Treatment of a 1.5 cm Infected Pilonidal Cyst
The definitive treatment for a 1.5 cm infected pilonidal cyst is incision and drainage, which should be performed promptly to evacuate the pus and relieve symptoms. 1
Initial Management
Surgical Approach
- Incision and drainage is the cornerstone of treatment for an infected pilonidal cyst
- The procedure involves:
- Making an incision over the fluctuant area
- Thorough evacuation of all purulent material
- Breaking up any loculations within the abscess cavity
- Exploring for and removing any hair follicles or foreign material
Post-Procedure Care
- Simple covering of the surgical site with a dry dressing is usually sufficient
- Some clinicians may pack the wound with gauze, though this is not always necessary
- Daily dressing changes until the wound heals by secondary intention
Antibiotic Therapy
Antibiotics are generally not required for uncomplicated pilonidal abscesses after adequate drainage unless:
- Patient has systemic signs of infection (fever >38°C, tachycardia >90 beats/min, tachypnea >24 breaths/min, or abnormal white blood cell count) 1
- Extensive surrounding cellulitis is present
- Patient has significant comorbidities or immunocompromise
If antibiotics are indicated, they should cover:
- Staphylococcus aureus (including MRSA consideration if risk factors present)

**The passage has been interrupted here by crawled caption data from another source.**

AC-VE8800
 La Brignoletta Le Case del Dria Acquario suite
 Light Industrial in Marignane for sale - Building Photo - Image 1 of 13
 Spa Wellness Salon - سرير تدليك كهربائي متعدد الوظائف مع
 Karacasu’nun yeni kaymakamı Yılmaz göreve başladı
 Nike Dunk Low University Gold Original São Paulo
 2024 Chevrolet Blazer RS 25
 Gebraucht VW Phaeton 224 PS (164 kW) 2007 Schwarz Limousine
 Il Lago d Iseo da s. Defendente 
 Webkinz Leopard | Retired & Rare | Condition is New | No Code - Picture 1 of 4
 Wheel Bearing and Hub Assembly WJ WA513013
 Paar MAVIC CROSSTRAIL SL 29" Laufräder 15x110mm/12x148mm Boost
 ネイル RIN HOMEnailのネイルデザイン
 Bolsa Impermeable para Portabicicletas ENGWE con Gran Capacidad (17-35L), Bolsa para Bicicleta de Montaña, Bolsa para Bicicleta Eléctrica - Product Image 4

- Skin flora and anaerobes
Follow-Up Care
After resolution of the acute infection:
- Search for local causes of recurrence such as persistent pilonidal sinus 1
- Consider definitive surgical treatment to prevent recurrence
- Maintain good local hygiene to reduce risk of reinfection
Prevention of Recurrence
Pilonidal cysts have a high rate of recurrence. Preventive measures include:
- Regular cleaning of the affected area
- Hair removal (shaving or laser) of the area
- Weight loss if applicable
- Avoiding prolonged sitting
Common Pitfalls
- Inadequate drainage: Failure to break up all loculations or completely evacuate the abscess can lead to persistent infection
- Missing foreign material: Hair follicles or other debris must be removed to prevent recurrence
- Overuse of antibiotics: Antibiotics alone without drainage are ineffective for abscess treatment
- Delayed definitive treatment: Recurrent infections are common without addressing the underlying pilonidal disease
Pilonidal disease is considered an acquired condition in most cases, with hair being the primary causative agent. While the initial treatment focuses on addressing the acute infection through drainage, definitive surgical management may be necessary for patients with recurrent disease.